**Requirement:** Word for word, and with pictures excluded, copy out all the records that follow.

Dataset records below:

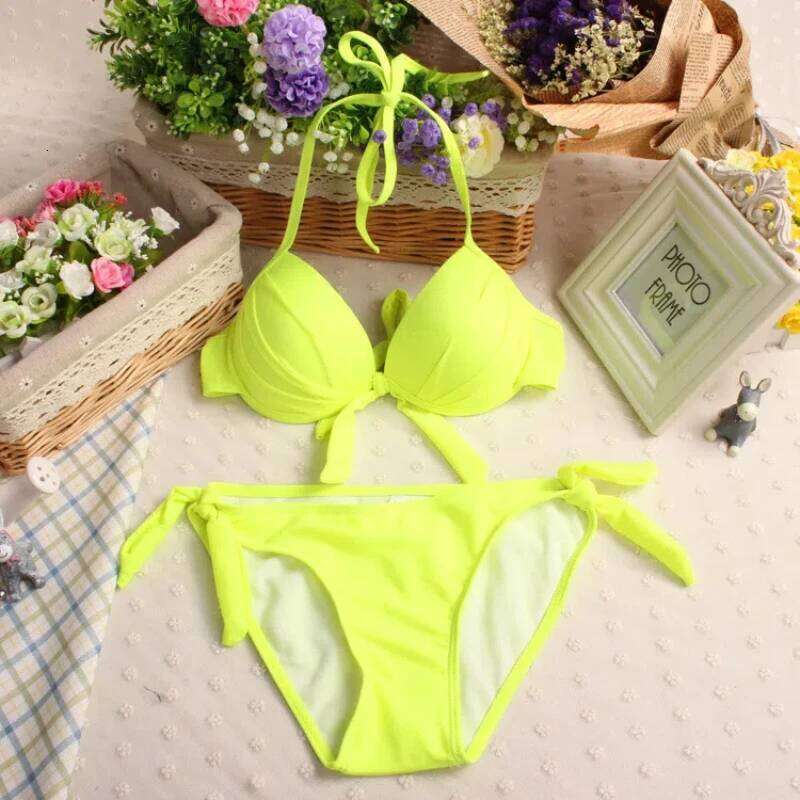 Push Up Bikinis Two Pieces Swimsuit Women Swimwear Neon Green Beach Wear Monokini Bathing Suits Korean Bikini Set Pool 2024 Y260303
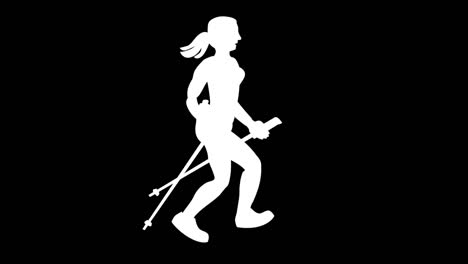 a set of 3 different animations of skiers walking. a thin brunette with a tail in glasses, a fashionable dude with a stylish hairstyle and cool glasses, a blonde in a red t-shirt.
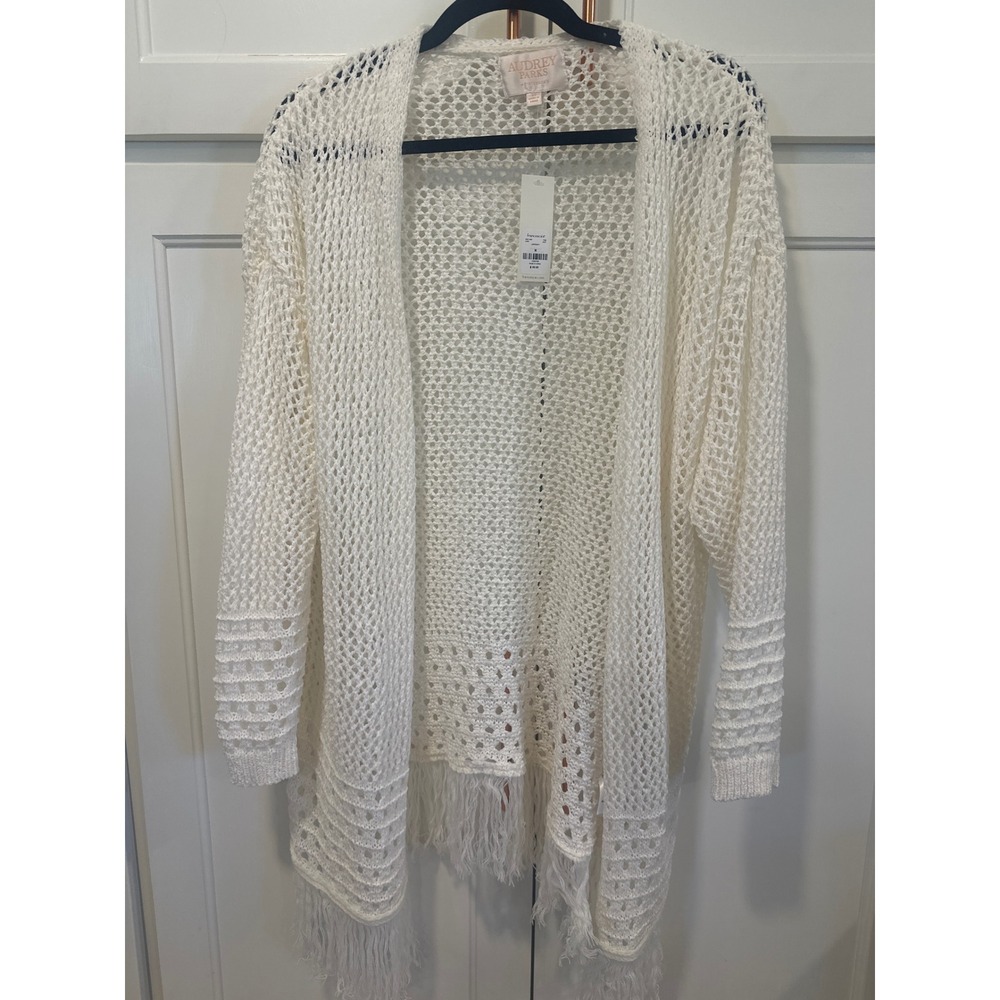 Audrey Parks Francesca's Ivory Open Knit Crochet Fringe Cardigan Sweater M boho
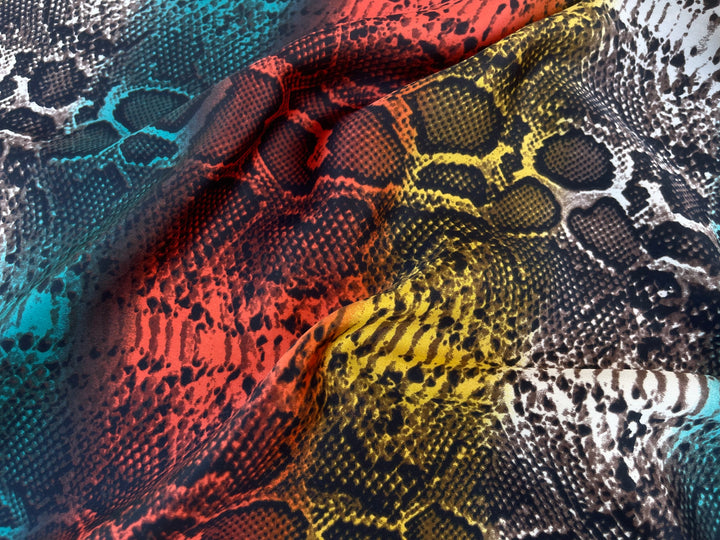 Colorful Snake animal     print -  silky satin  Lightweight   fabric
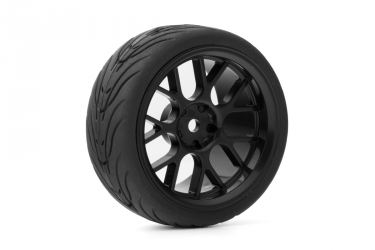 Spec T CS Wheel Offset 3 Black w/Tire 4ks pro 1/10 Silniční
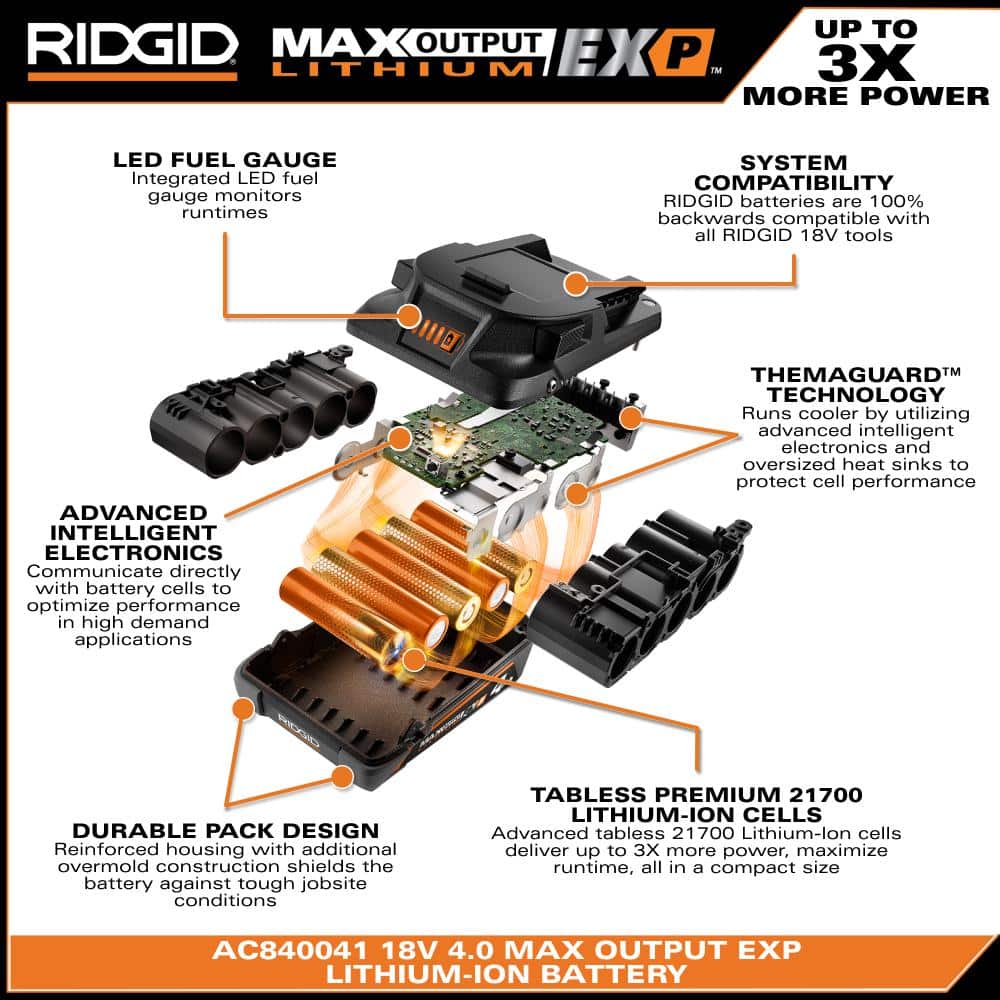 Batterie lithium-ion EXP 18 V 4,0 Ah à sortie maximale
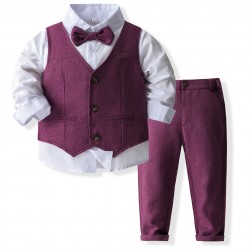 Cross-border summer boys' suits, bow ties, gentleman's overalls, shorts, short-sleeved shirts, four-piece suits, European and American children's suits, pure cotton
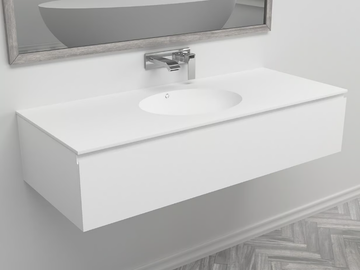 RED - Single wall-mounted vanity unit with drawers by RILUXA - view 2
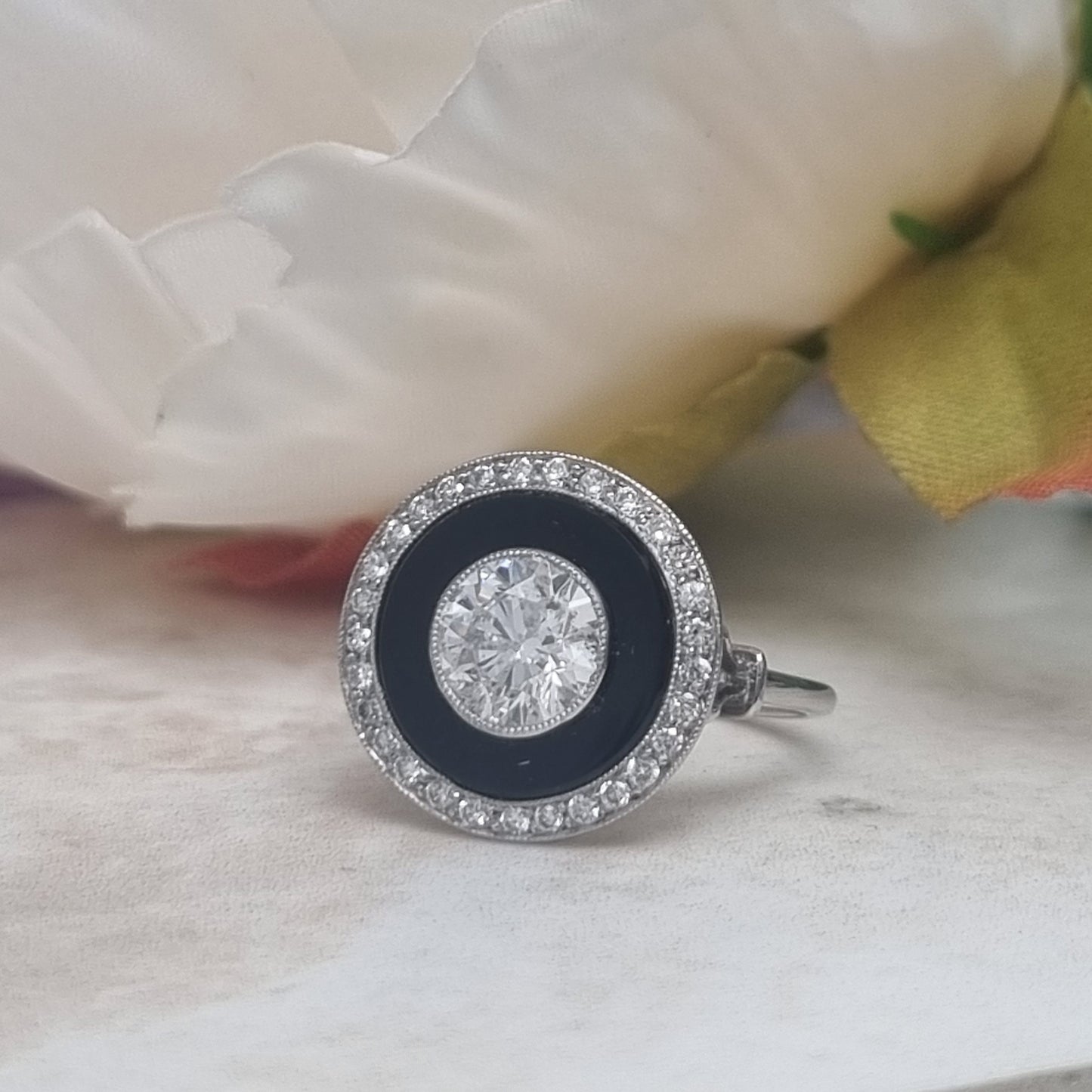 Art Deco 1ct Old Cut Diamond and Onyx Target Cluster Ring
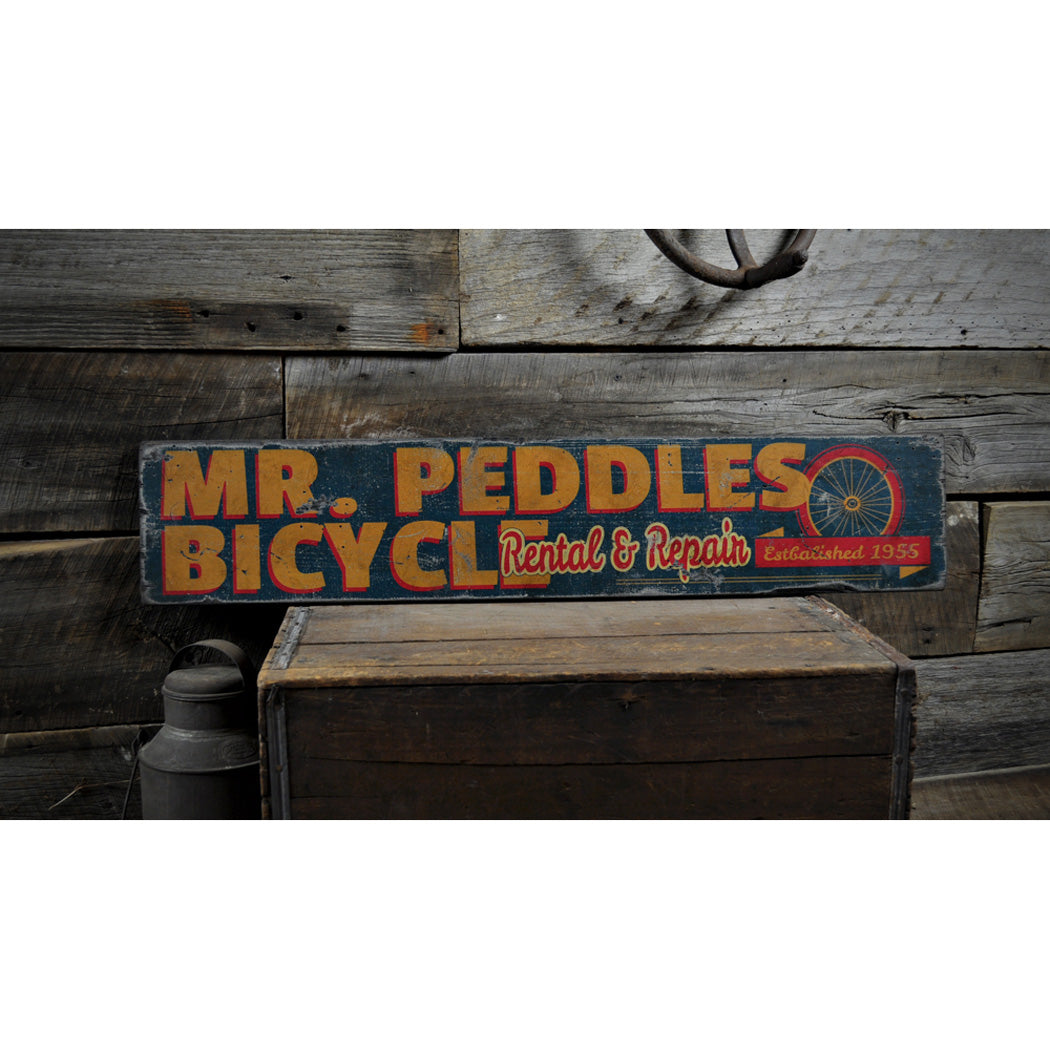 Bicycle Repair - Established Date Rustic Wood Sign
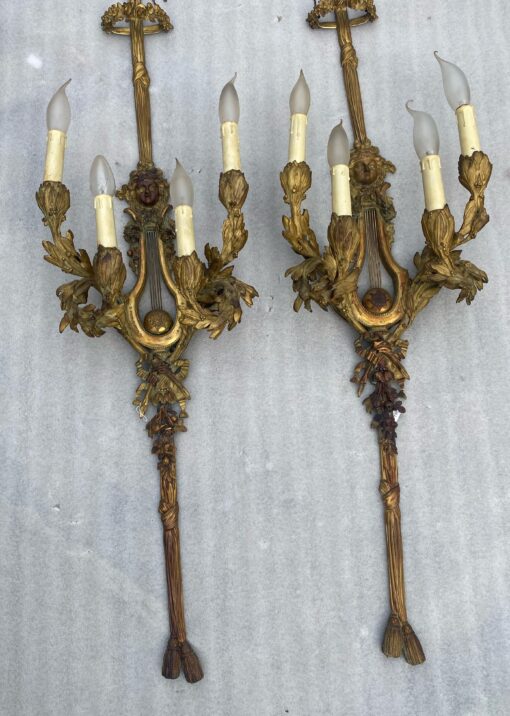 1890/1900′  Pair Of Louis XVI Style Gilt- Bronze Four-Lights After Gouthiere - Image 21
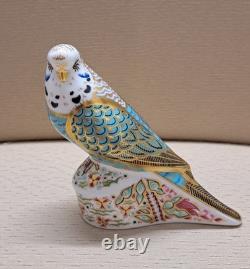 Royal Crown Derby Budgerigar Pair. #664. Ltd Ed. Certs. Boxes. Gold Stoppers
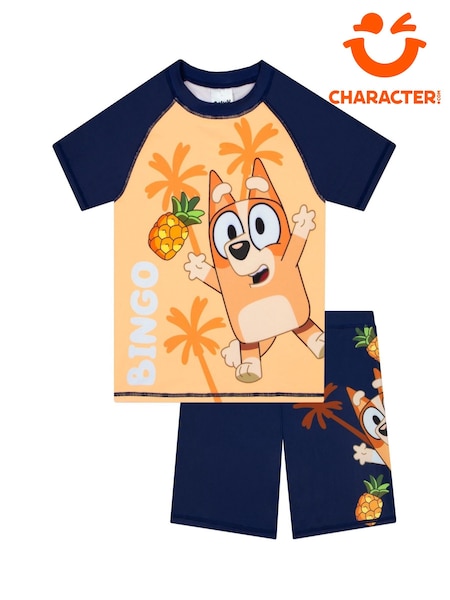 Character Orange Bingo Swim Shorts And Rash Guard (H50437) | £20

End of Dataset records.

**Task output:**
 Push Up Bikinis Two Pieces Swimsuit Women Swimwear Neon Green Beach Wear Monokini Bathing Suits Korean Bikini Set Pool 2024 Y260303
 a set of 3 different animations of skiers walking. a thin brunette with a tail in glasses, a fashionable dude with a stylish hairstyle and cool glasses, a blonde in a red t-shirt.
 Audrey Parks Francesca's Ivory Open Knit Crochet Fringe Cardigan Sweater M boho
 Colorful Snake animal     print -  silky satin  Lightweight   fabric
 Spec T CS Wheel Offset 3 Black w/Tire 4ks pro 1/10 Silniční
 Batterie lithium-ion EXP 18 V 4,0 Ah à sortie maximale
 Cross-border summer boys' suits, bow ties, gentleman's overalls, shorts, short-sleeved shirts, four-piece suits, European and American children's suits, pure cotton
 RED - Single wall-mounted vanity unit with drawers by RILUXA - view 2
 Art Deco 1ct Old Cut Diamond and Onyx Target Cluster Ring
 Bicycle Repair - Established Date Rustic Wood Sign
 1890/1900′  Pair Of Louis XVI Style Gilt- Bronze Four-Lights After Gouthiere - Image 21
 Royal Crown Derby Budgerigar Pair. #664. Ltd Ed. Certs. Boxes. Gold Stoppers
 Character Orange Bingo Swim Shorts And Rash Guard (H50437) | £20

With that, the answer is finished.